One new truth is that we seem to borrower shorter now (less than 3 years). As such, if relative borrowing long vs short was 50/50 as late as 2016, currently 80% of our borrowing is short duration. The artificially high demand for short paper therefore drives short rates artificially high. At the same time the larger balance sheet of the fed drives long term interest rates down.

Maybe it is, maybe it isn’t, different this time. What do you think?  One thing is for certain,  global debt has risen from $4.9T in ’07 to $9T today. And, much of corporate debt today is ‘covenant’ light.

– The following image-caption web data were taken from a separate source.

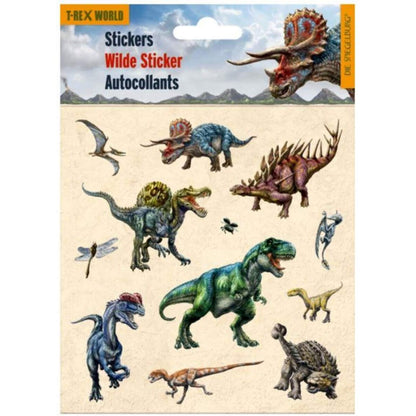 Die Spiegelburg T-Rex World Sticker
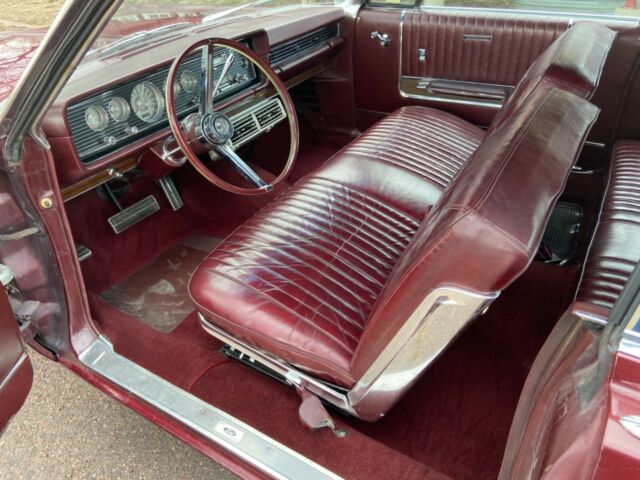 Mercury Monterey 1966 image number 23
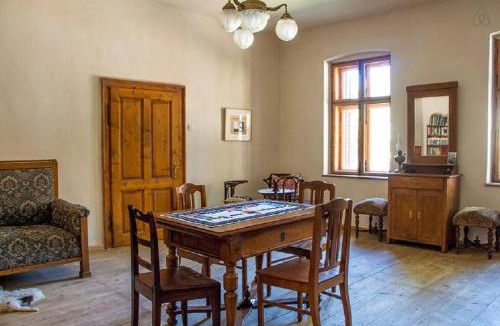 Nemsa House | Casa Arthur, Transylvanian heritage house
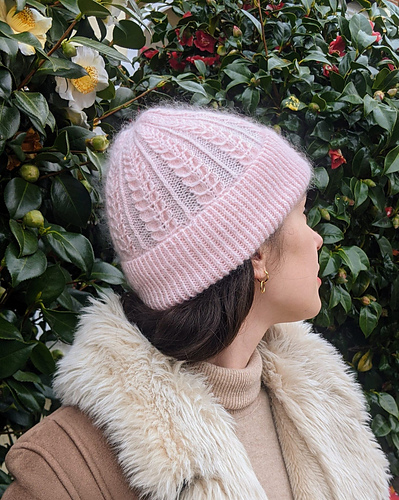 Ravelry: Sakura Hat pattern by Knits by Summer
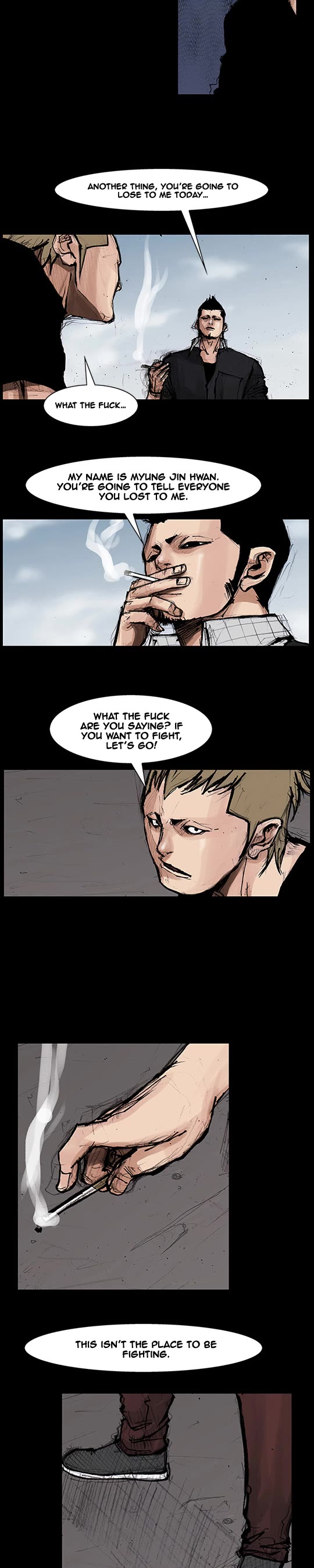 Dokgo Rewind Chapter 193 page 4 - Chapter 193
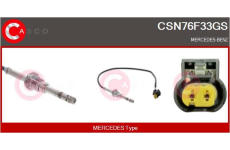 Elektromotor, větrák chladiče CASCO CEF72003AS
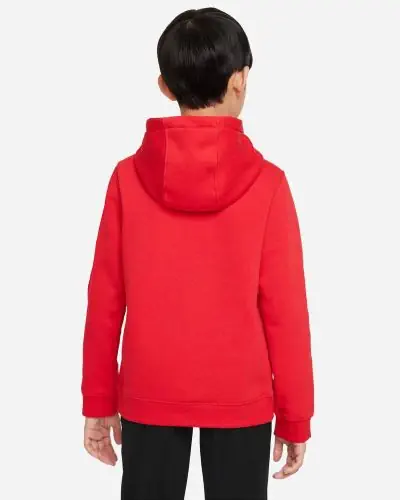 Nike Men s Team Club 20 Hoody CW6894 657 Red EKINSPORT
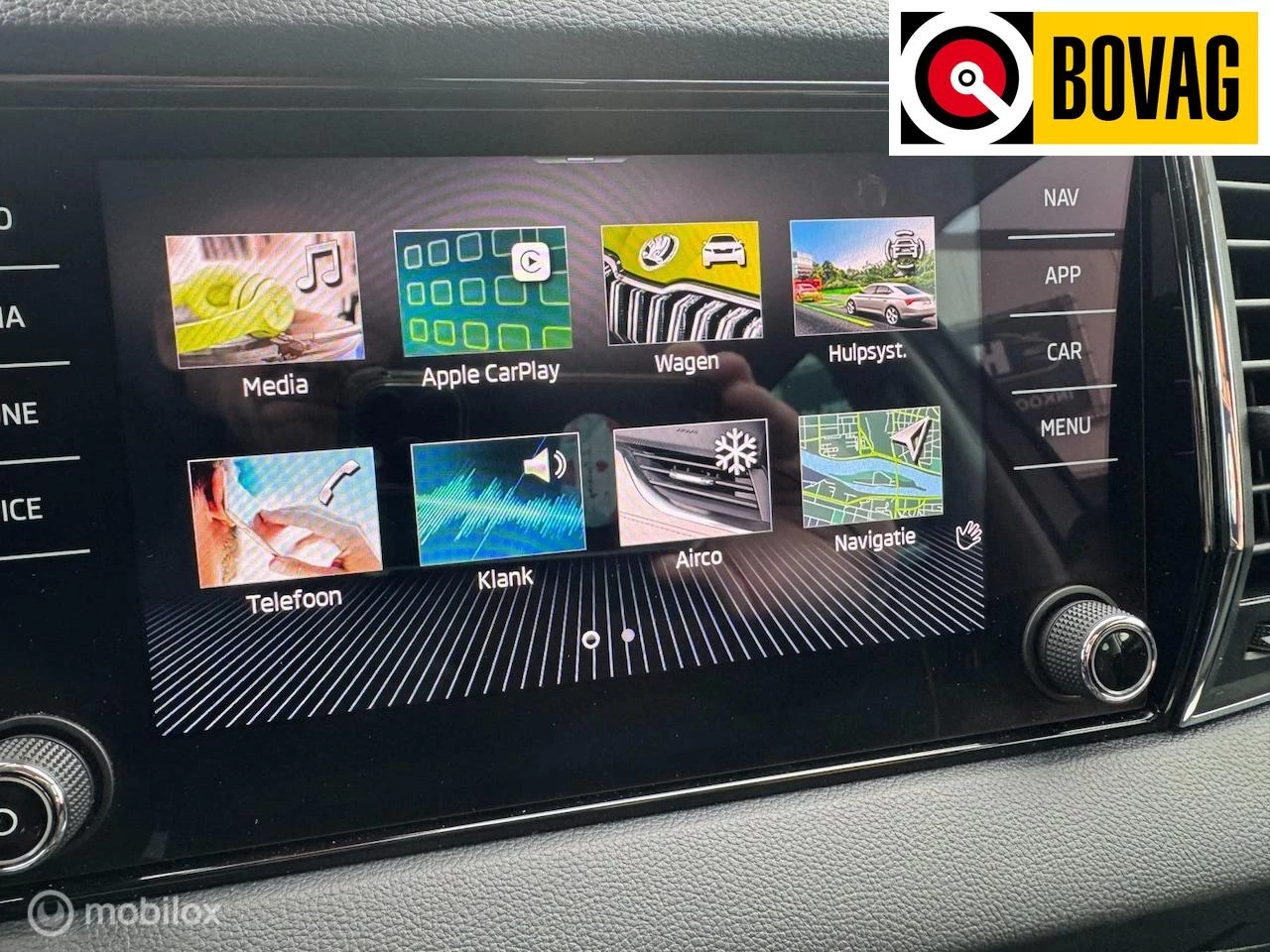 Hoofdafbeelding Škoda Karoq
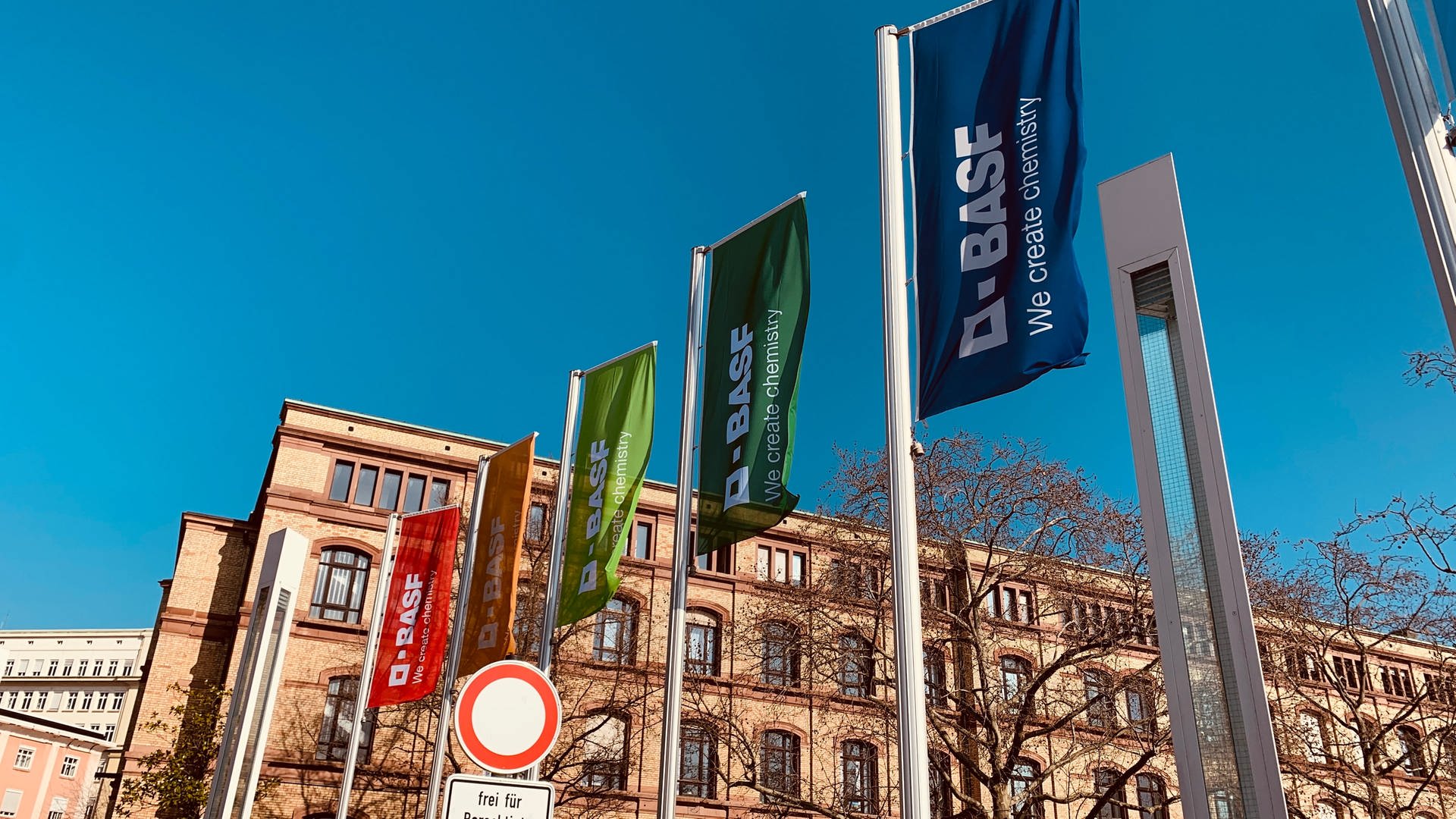 BASF-Mitarbeiter wollen in Ludwigshafen demonstrieren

Sitting one tranche from junk.

Literally, where is your money on the bet if the next recession is garden style or a catastrophic failure/recession? My son tells me that “Situation X Behavior = Results”. I ask in this context, are we experiencing late cycle conditions or late cycle behavior?

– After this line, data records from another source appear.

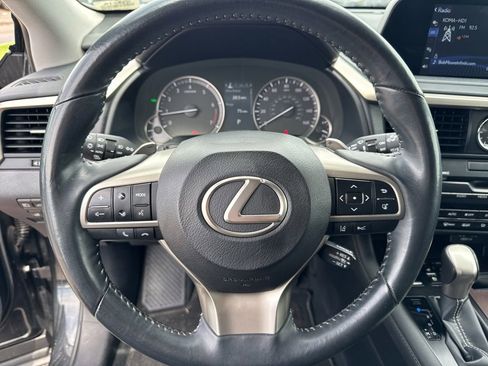 Used 2022 Lexus RX 350 AWD w/ Premium Package image 8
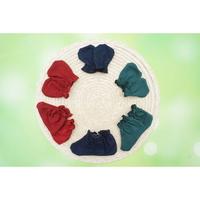 Gambar Halomam - Mitten and Booties Baby ( Sarung Tangan dan Sarung Kaki Bayi Newborn) Perempuan Parsel - Maroon dari halomam Kota Tangerang Selatan 5 Tokopedia
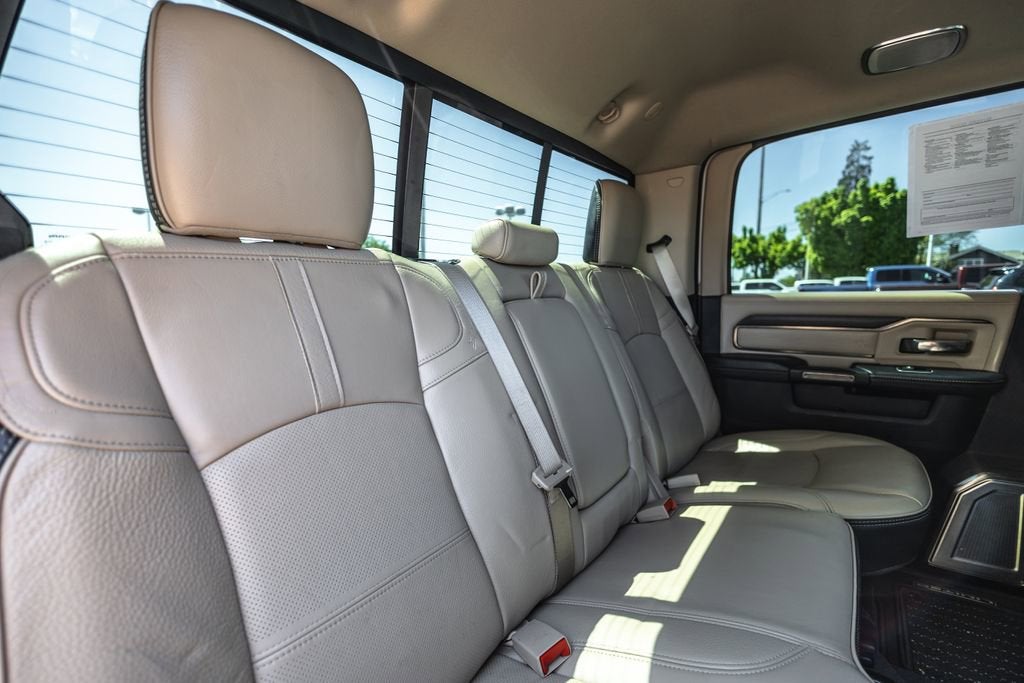 2022 RAM 3500 Limited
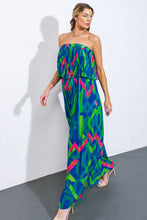 Load image into Gallery viewer, HAPPY WANDERER WOVEN JUMPSUIT
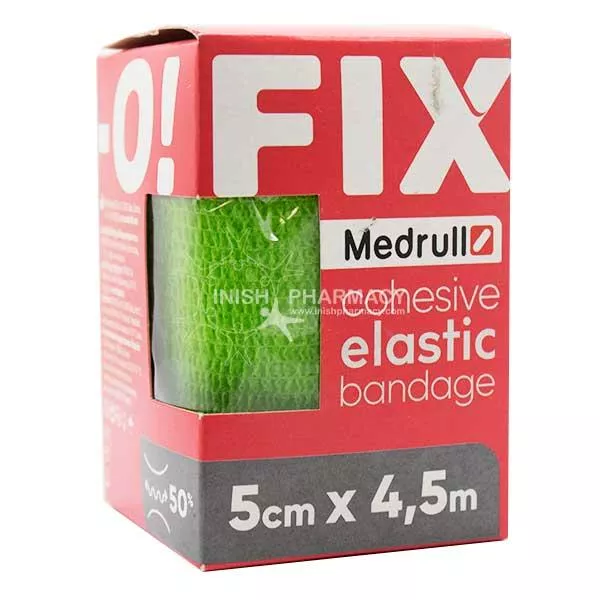 Medrull Fix Bandaj elastic 5cm/4.5m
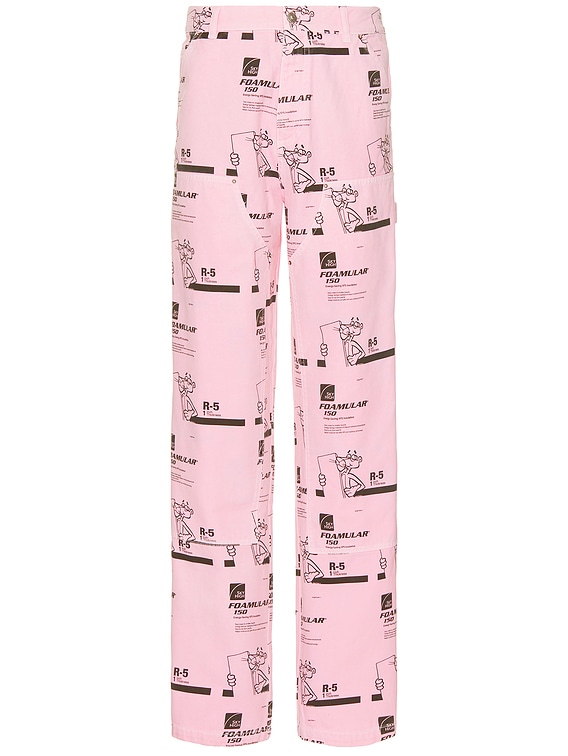 SKY HIGH FARM DOUBLE KNEE PANTS ポーカーズつかさ 【公式通販】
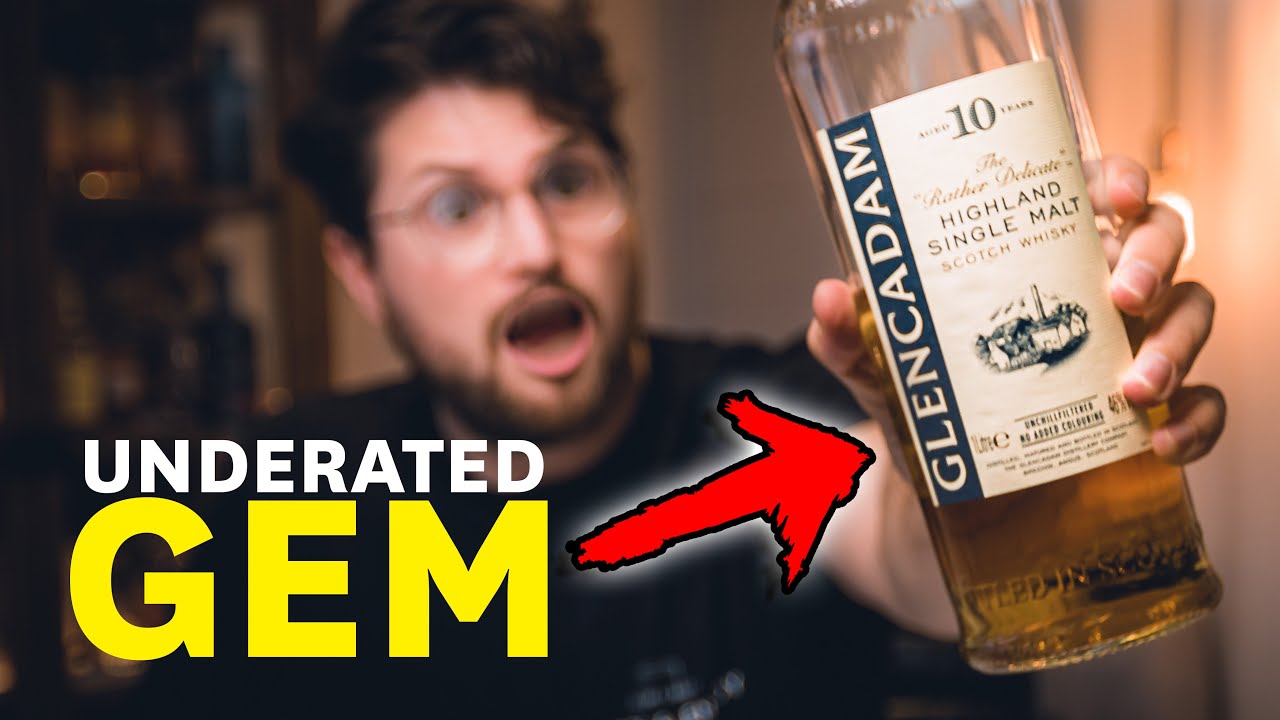 Is This The Best Affordable Single Malt? Glencadam 10 Review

What am I observing and/or concerned about:

  • I am all in on the benefit of the shadow banking system of the new alternative lenders. What has me worried are the small community banks beating the alternative lenders at price and proceeds. And they are qualified how?
  • There is a TON of capital in the system. I dig liquidity, especially with balanced fundamentals in most of our markets. However, are we climbing too high on the stack? Is the capital posting at unusually higher capital risk levels? Is it as simple as recognizing the risk of late cycle investing in the longest boom in history? Is risk being mispriced?
  • I cheer every day for inflation (for our Real Estate Industry); historic low unemployment globally means wage growth which means more consumer spending which drives a healthy economy and more inflation. More inflation means more rental growth which means increasing asset values.
  • Millennials are the largest demographic and have the biggest propensity to rent. See above on Multi-family; still a value and growth sector.
  • Is there anyone qualified left to hire? If not, where are companies putting money into training for existing associates to move up the chain of authority and future associates to be hired.
  • Feels like loan opportunities on the cusp – ready for prime time 6-9 months out in the future are being brought in for financing today. A leading indicator that borrowers think the end is near?

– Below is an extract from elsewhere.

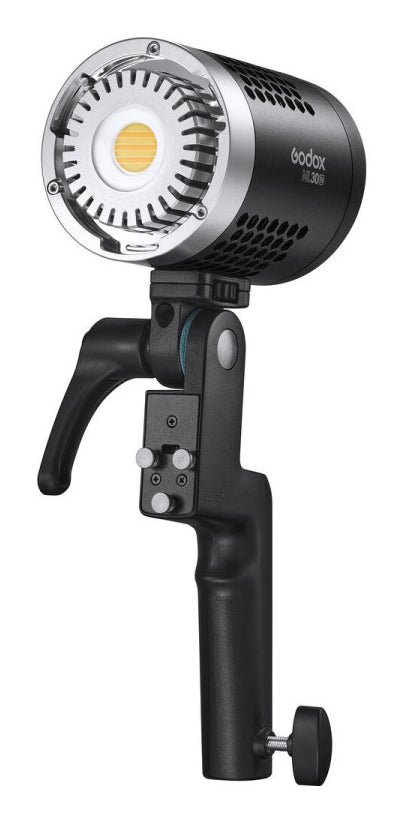 Godox ML30Bi LED-Videoleuchte – 40 W, 2800–6500 K, CRI 96/TLCI 97, dimmbar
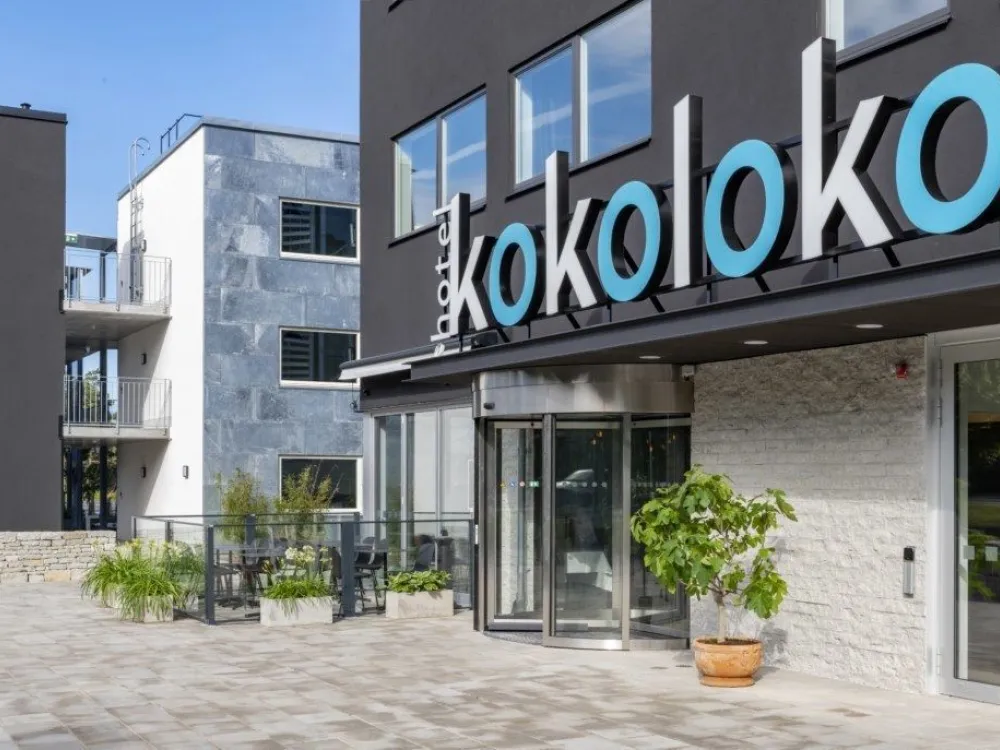 Angebot! | Erstes Hotel Kokoloko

It continues to be a great time to be in our business. Innovation, liquidity, deal flow all on the rise. There seems to be more money than good deals in the debt space.  Is your discipline for a deal ‘strike zone’ a fixed principal or merely a suggestion of an idea?

For principles to be true, they need to cost something. If you stand for nothing you will fall for anything.

I’ll be back soon with comments before the Fourth of July. Promise.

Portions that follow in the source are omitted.